The same fact sheet said the Intermountain Regional Office of the Park Service in Denver has designated the Little Bighorn collection as the most at-risk collection in the region’s jurisdiction, which includes eight states and 91 parks.
Lee Noyes, who with his wife, Michele, edits the Battlefield Dispatch, the quarterly newsletter of the Custer Battlefield Historical and Museum Association, said the Park Service seems to be making the best of a bad situation.
Noyes, who said he was speaking only for himself, not the association, said allowing the collection to remain where it is, subject to fire, flood or theft, “is an accident waiting to happen.”
“I’ve got to give Kate Hammond a lot of credit for finally taking bull by the horns after 25 years of failure,” Noyes said.
That was in reference to the general management plan for the battlefield, drawn up in 1986, which envisioned building a new visitor center and museum collections storage facility in a greatly expanded park. But efforts to do so have been delayed by “financial, political and legal setbacks,” as the Park Service said in its fact sheet.
In a brochure outlining management issues confronting the park, released last week, the Park Service said that under a best-case scenario, “a new visitor center is at least 5-10 years away.”
Hammond said she and the Park Service are committed to continuing negotiations with the Crow Tribe, which owns most of the land around the park, and with the Custer Battlefield Preservation Committee, which owns or controls 3,500 acres around the 765-acre national monument. The expansion is needed because the management plan calls for building the new visitor center and museum on the valley floor, where the battle began, rather than near the summit of Last Stand Hill, where it ended.
John Wessels, director of the Intermountain Region for the Park Service, said, “A renewed collaboration with our partners to give these invaluable objects and archives a proper new home would enhance enormously how we tell the story and the lessons of the Little Bighorn.”
Hammond said the Park Service has been consulting with the tribes associated with the battle about any items in the collection that may be subject to the Native American Graves Protection and Repatriation Act.
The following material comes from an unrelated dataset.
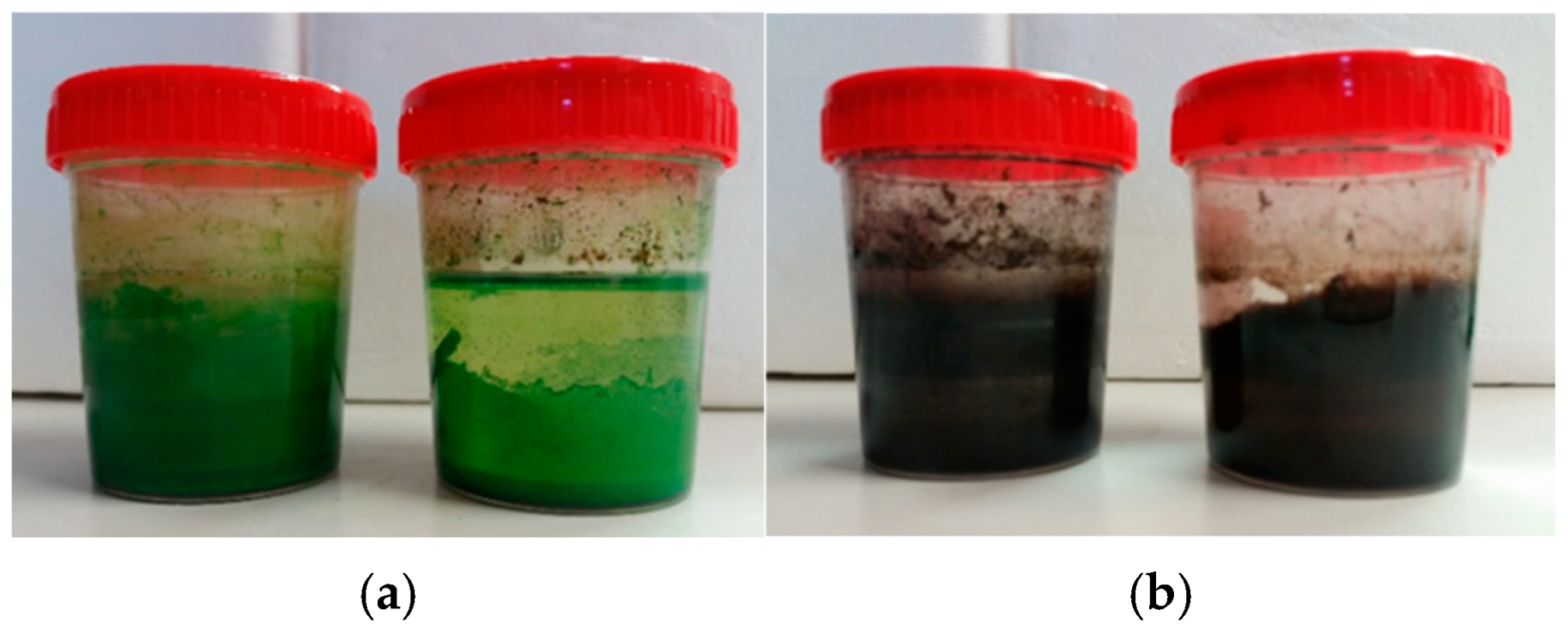 Molecules 29 05543 g003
Those talks will continue regardless of where the collection is located, she said, and will also deal with any special storage or visitation requirements associated with the objects.
Steve Brady, chairman of the Northern Cheyenne Cultural Commission, said the commission is opposed to sending Cheyenne artifacts, particularly sacred items, out of state.
“There are family members with direct ties to some of the sacred objects,” he said.
The move, which will cost an estimated $220,000, will not affect the 5,100-volume White Swan Memorial Library in the Stone House near the existing visitor center. Hammond said the library is the first stop for most people researching or looking for more information about the battle.
Sharon Small, curator of the battlefield museum, has been in a temporary position funded year to year and she will be out of a job on Sept. 30, the end of the fiscal year, Hammond said. No other employees at the battlefield will be affected by the relocation.